Morning Dove White begins with “Fallen,” their breakout single. Legend has it, when One Dove—the trio of Allison, guitarist Jim McKinven, and keyboardist Ian Carmichel—was pursuing Weatherall, they met him at one of his DJ sets in Italy. They slipped him a copy of the “Fallen” single, which Weatherall played on the spot to warm reception. The next day, he played them Screamadelica demos on the beach before agreeing to collaborate. Fact or fantasy, a Mediterranean origin story is befitting. It often sounds like the music’s been bleached by the sun.

Weatherall has a cosmic sleight of hand that takes a song’s naked bombast and cools it with a lithe touch. He doesn’t reduce its power, just softens its edges. When Primal Scream’s Bobby Gillespie quietly coos that he’s “higher than the sun,” it has a churchlike echo that feels like a bad boy’s manipulation of holiness. On a more practical level, Weatherall really likes drums you play with your hands—congas, bongos, djembes. Both Screamadelica and Morning Dove White are dripping in Weatherallisms. But those expecting a repeat of Screamadelica misread the direction of his creativity. It moves in all directions at once, not linearly. If he made One Dove sound more like anyone, it’s themselves.

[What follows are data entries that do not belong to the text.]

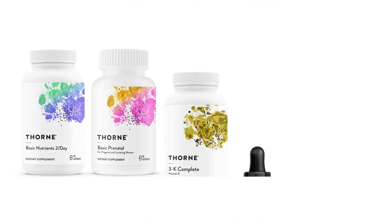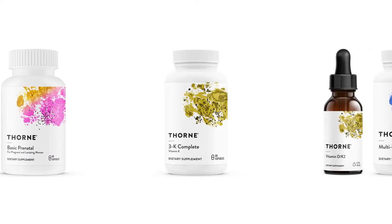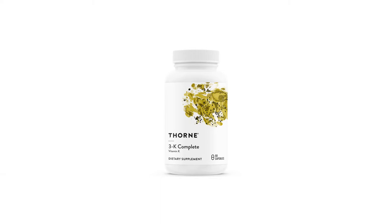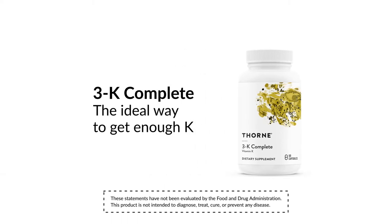At Thorne we offer several vitamin K products, including 3K Complete, an all-in-one vitamin K supplement. It's the ideal way to make sure you get enough K.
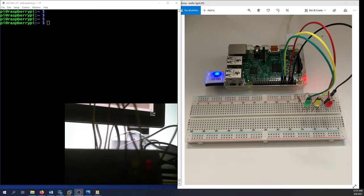Hi and welcome. In today's project we're going to simulate traffic light products using Raspberry Pi. It's an Internet of Things product — it's simple, but at least you could have an idea how to do that.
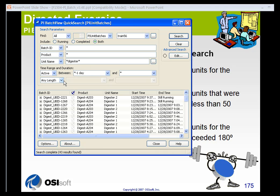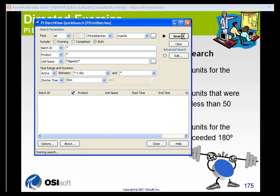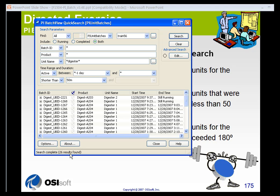Let's say I want to find all the batches that ran for less than a certain period of time — shorter than 50 minutes. So I'll enter shorter than 50M, click Search, and I can see that 26 of those results ran shorter than 50 minutes.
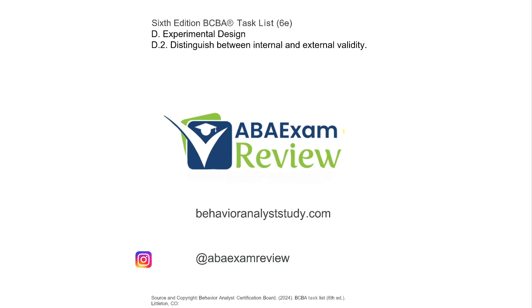Welcome back to ABA Exam Review and the continuation of our 6th edition BCBA Tasklist Series. Today we're continuing Experimental Design with distinguishing between internal and external validity.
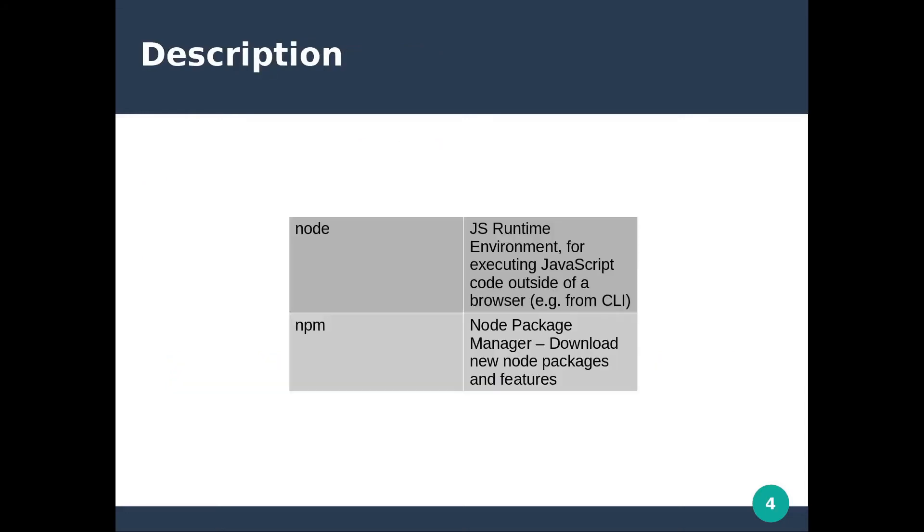Node is a JS runtime environment for executing JavaScript code outside of the browser, for example from CLI. NPM stands for Node Package Manager, used to download new Node packages and features.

“Fallen” was written without Weatherall, though he did rework it for the album. But hearing the original (at least, one of the original of the three pre-Weatherall mixes) proves they didn’t need him to craft an ebullient slice of weirdness on their own. Playing the two versions, pre-Weatherall and post, back to back, you hear some subtle tweaks, but it’s more like Weatherall took the track and recommended cleansing it with incense. It’s still the same song, only tender. The original version included a spoken intro making clear the lyrical reference to “angel from this dream I have” is a nod to The Catcher in the Rye. On the version that opens the album, it’s been cut, as though he encouraged them to keep their cards just a little closer to their chest. A little mystery never hurt anyone.

To that point, the primary vocals on the song are whispers. Allison mostly doesn’t sing, and when she does, it’s buried in reverb. She talks hushedly about secrets. You can hear a tinge of her Scottish accent. “Don’t know why I’m telling you any of this,” she says as the song begins. It’s like she’s pulling you close for a tête-à-tête: listen up, this is important. “One thing is, don’t ever tell anyone I told you this.” Is she talking about One Dove itself? After a couple decades in relative obscurity, it feels like it.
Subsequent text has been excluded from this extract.